### DATA FOR THE TASK
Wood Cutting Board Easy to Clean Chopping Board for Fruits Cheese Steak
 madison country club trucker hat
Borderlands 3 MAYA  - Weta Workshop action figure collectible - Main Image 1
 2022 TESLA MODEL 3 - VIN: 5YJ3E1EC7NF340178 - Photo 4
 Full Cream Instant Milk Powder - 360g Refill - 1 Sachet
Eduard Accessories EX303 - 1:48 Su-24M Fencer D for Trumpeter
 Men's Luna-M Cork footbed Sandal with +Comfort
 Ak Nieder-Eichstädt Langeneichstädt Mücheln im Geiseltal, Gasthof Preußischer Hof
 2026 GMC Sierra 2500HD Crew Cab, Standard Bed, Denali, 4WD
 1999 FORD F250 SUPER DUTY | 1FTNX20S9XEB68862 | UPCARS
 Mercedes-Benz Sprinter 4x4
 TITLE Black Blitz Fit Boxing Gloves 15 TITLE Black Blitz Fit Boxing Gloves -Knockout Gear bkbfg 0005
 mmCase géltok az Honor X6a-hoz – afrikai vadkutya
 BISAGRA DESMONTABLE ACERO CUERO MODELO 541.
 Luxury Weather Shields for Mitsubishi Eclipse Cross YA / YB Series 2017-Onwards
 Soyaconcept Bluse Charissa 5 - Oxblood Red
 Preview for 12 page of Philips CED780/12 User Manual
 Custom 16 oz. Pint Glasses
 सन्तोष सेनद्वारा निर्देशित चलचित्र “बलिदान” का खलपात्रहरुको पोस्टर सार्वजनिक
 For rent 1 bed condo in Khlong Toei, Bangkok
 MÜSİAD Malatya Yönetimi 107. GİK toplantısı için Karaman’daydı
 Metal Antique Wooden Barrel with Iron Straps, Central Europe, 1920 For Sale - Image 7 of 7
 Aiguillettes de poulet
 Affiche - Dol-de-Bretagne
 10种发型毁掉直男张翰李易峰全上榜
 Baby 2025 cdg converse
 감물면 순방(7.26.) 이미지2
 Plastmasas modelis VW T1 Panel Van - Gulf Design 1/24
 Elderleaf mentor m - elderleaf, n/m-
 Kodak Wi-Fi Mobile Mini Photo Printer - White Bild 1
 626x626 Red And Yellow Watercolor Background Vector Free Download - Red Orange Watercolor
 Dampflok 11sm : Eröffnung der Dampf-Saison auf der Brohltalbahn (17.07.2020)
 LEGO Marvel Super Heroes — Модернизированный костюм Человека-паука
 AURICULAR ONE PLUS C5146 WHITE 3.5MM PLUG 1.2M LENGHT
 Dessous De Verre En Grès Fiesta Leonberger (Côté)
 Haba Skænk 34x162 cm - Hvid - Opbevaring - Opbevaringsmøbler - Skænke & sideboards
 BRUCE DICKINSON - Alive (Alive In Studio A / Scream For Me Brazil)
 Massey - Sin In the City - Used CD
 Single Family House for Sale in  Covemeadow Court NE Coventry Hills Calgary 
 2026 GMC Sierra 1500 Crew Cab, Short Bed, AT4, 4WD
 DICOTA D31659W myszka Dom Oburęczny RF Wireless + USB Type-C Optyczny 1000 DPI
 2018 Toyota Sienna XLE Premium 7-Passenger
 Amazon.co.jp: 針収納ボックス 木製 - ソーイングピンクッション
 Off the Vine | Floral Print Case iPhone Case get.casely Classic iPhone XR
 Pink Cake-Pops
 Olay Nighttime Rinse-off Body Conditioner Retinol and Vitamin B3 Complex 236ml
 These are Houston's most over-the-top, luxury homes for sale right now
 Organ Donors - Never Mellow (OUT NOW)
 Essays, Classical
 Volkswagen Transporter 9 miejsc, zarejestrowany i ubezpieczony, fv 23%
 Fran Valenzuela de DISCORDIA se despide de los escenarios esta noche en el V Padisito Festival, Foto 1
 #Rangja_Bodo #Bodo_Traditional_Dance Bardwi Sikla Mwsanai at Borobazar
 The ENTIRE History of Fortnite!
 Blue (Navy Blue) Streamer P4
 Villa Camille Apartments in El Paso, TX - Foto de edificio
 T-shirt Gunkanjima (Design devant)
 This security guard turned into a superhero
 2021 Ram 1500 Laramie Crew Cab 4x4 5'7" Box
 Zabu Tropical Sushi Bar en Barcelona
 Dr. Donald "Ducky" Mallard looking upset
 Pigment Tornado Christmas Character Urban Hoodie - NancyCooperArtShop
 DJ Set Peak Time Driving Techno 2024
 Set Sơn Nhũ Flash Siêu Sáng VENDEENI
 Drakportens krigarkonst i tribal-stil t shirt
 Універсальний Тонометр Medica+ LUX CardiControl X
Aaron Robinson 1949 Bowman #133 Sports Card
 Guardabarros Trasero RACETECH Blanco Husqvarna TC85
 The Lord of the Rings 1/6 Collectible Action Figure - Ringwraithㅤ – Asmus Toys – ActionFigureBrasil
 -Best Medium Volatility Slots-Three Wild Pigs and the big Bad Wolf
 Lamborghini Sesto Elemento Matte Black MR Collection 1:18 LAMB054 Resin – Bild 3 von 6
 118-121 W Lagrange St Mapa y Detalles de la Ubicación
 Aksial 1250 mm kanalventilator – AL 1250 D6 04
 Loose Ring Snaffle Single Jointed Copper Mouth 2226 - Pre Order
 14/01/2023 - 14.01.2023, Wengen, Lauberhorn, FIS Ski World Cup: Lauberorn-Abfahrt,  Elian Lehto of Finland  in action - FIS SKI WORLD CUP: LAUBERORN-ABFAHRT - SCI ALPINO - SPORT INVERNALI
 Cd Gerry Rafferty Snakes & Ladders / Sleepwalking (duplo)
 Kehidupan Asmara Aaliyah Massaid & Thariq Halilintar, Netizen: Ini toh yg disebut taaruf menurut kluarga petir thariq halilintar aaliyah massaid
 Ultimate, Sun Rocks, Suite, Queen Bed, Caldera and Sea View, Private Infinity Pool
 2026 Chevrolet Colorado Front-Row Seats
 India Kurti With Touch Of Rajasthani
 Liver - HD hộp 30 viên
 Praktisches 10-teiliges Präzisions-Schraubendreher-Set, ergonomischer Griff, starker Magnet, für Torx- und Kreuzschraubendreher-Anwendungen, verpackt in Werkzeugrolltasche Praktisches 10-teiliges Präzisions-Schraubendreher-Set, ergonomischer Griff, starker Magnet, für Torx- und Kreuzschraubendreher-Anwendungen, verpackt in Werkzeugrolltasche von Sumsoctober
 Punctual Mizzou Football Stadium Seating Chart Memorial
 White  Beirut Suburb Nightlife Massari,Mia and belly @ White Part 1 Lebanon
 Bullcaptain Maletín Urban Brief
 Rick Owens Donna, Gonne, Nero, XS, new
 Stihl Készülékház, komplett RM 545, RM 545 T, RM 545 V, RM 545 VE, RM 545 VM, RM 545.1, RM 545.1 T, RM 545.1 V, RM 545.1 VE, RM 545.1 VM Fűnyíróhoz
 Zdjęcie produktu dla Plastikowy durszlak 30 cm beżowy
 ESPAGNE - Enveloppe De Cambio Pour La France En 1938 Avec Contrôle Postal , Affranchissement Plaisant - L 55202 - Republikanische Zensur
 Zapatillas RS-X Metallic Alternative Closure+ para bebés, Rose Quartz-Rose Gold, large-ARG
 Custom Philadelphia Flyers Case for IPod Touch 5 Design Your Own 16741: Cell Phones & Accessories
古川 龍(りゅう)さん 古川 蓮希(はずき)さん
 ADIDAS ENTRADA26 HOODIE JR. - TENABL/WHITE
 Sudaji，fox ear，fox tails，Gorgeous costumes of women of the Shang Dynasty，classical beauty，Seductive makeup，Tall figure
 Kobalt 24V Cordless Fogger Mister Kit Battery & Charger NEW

### INSTRUCTIONS TO FOLLOW
Everything above from the line containing "Baby 2025 cdg converse" down to the line containing "LEGO Marvel Super" should be copied exactly, both end lines included, and nothing else.

### YOUR RESPONSE
 Baby 2025 cdg converse
 감물면 순방(7.26.) 이미지2
 Plastmasas modelis VW T1 Panel Van - Gulf Design 1/24
 Elderleaf mentor m - elderleaf, n/m-
 Kodak Wi-Fi Mobile Mini Photo Printer - White Bild 1
 626x626 Red And Yellow Watercolor Background Vector Free Download - Red Orange Watercolor
 Dampflok 11sm : Eröffnung der Dampf-Saison auf der Brohltalbahn (17.07.2020)
 LEGO Marvel Super Heroes — Модернизированный костюм Человека-паука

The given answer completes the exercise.